This is directly auditable. When your underwriter asks why the renewal loading has increased, you can point to the weights and show that years 4 and 5 (with combined rates of 0.059 and 0.070) represent 53% of the evidence for the posterior rate, versus 38% under uniform weighting.

When to use which model

This is not an argument against Bühlmann-Straub. The static model has lower parameter requirements - you do not need to specify or estimate $\sigma^2_\eta$ - and it is simpler to explain to a pricing governance committee. For schemes where the risk is genuinely stable and the portfolio is large enough that the structural parameters (EPV, VHM) are estimated reliably, it performs well. The benchmark results in the insurance-credibility README confirm: on a synthetic 30-scheme panel with stable structure, the dynamic model does not materially improve on Bühlmann-Straub.

The dynamic model earns its complexity when:

For individual policy experience rating - not scheme pricing - the same model applies, using ClaimsHistory objects with per-policy claim histories. Commercial motor policies with five or more years of history are the natural target. At the individual level, Bühlmann-Straub’s static weighting is even more of a limitation, because individual risk can shift more abruptly than a group average.

Getting the state variance right

The main implementation decision is $\sigma_\eta$, the state volatility. The library provides an empirical Bayes estimator that learns it from a portfolio of histories:

model = DynamicPoissonGammaModel()
model.fit(histories)   # fits sigma_eta jointly from all histories in the portfolio

print(f"Estimated sigma_eta: {model.sigma_eta_:.4f}")
# Estimated sigma_eta: 0.1312

The joint estimation uses the marginal likelihood. It is stable when you have 15 or more histories with three or more periods each. Below that, the likelihood surface is flat and the default prior (sigma_eta = 0.10) should be used explicitly.

The intuition for the value: sigma_eta = 0.10 means a scheme’s underlying rate can shift by about 10% per year in log space (roughly +/-10% in rate space for small moves). sigma_eta = 0.25 means 25% annual drift is plausible - appropriate for volatile lines like goods-in-transit or high-value motor. Sigma_eta = 0.03 means the risk is near-stationary - appropriate for large, stable personal lines schemes.

The full posterior matters

The credibility literature defaults to point estimates. The Bühlmann-Straub premium is a single number. The dynamic model produces a distribution, and that distribution is worth having.

A fleet scheme with claim_counts=[14, 16] in its last two years has a wide posterior if those counts come from variable exposure (say, 80 and 90 vehicles) and a narrow posterior if they come from 450 and 470 vehicles. The same raw rates look very different in terms of statistical confidence. The point estimate does not tell you this. The credible interval does.

For pricing at the 75th percentile of the posterior - the conservative approach for a scheme with deteriorating loss history - you want the distribution. For explaining to a broker why you are not offering a flat renewal, the trajectory of the smoothed posterior (did the deterioration accelerate, plateau, or reverse?) is as useful as the headline number.

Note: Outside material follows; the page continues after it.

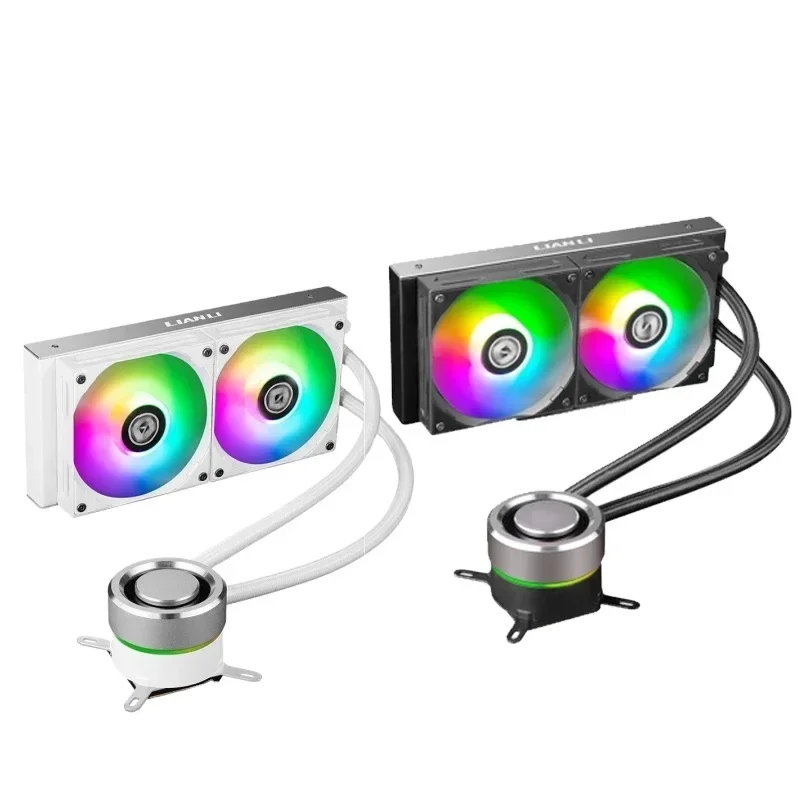 

In Stock LIAN LI CPU AIO Water Cooling Kit ARGB, 240 Heatsink For LGA 115X 1200 1366 20XX AM4 CPU Cooler System M/B 5V SYNC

# Full posterior distribution at the renewal point
dist = model.posterior_distribution(history)
print(f"Median rate:        {dist.median:.4f}")
print(f"75th percentile:    {dist.quantile(0.75):.4f}")
print(f"95th percentile:    {dist.quantile(0.95):.4f}")

# Smoothed trajectory: how has the risk evolved?
trajectory = model.smoothed_trajectory(history)
print(trajectory)
# ┌────────┬──────────────┬───────────────┬───────────────┐
# │ period ┆ smoothed_rate ┆ ci_lower      ┆ ci_upper      │
# ╞════════╪══════════════╪═══════════════╪═══════════════╡
# │      1 ┆ 0.0368        ┆ 0.0241        ┆ 0.0543        │
# │      2 ┆ 0.0339        ┆ 0.0225        ┆ 0.0494        │
# │      3 ┆ 0.0351        ┆ 0.0238        ┆ 0.0503        │
# │      4 ┆ 0.0548        ┆ 0.0392        ┆ 0.0748        │
# │      5 ┆ 0.0641        ┆ 0.0524        ┆ 0.0775        │
# └────────┴──────────────┴───────────────┴───────────────┘

The smoothed trajectory shows the step-change at period 4 clearly. A flat-weighted average obscures it. When you are presenting this renewal to a pricing manager or underwriter, the trajectory is the conversation.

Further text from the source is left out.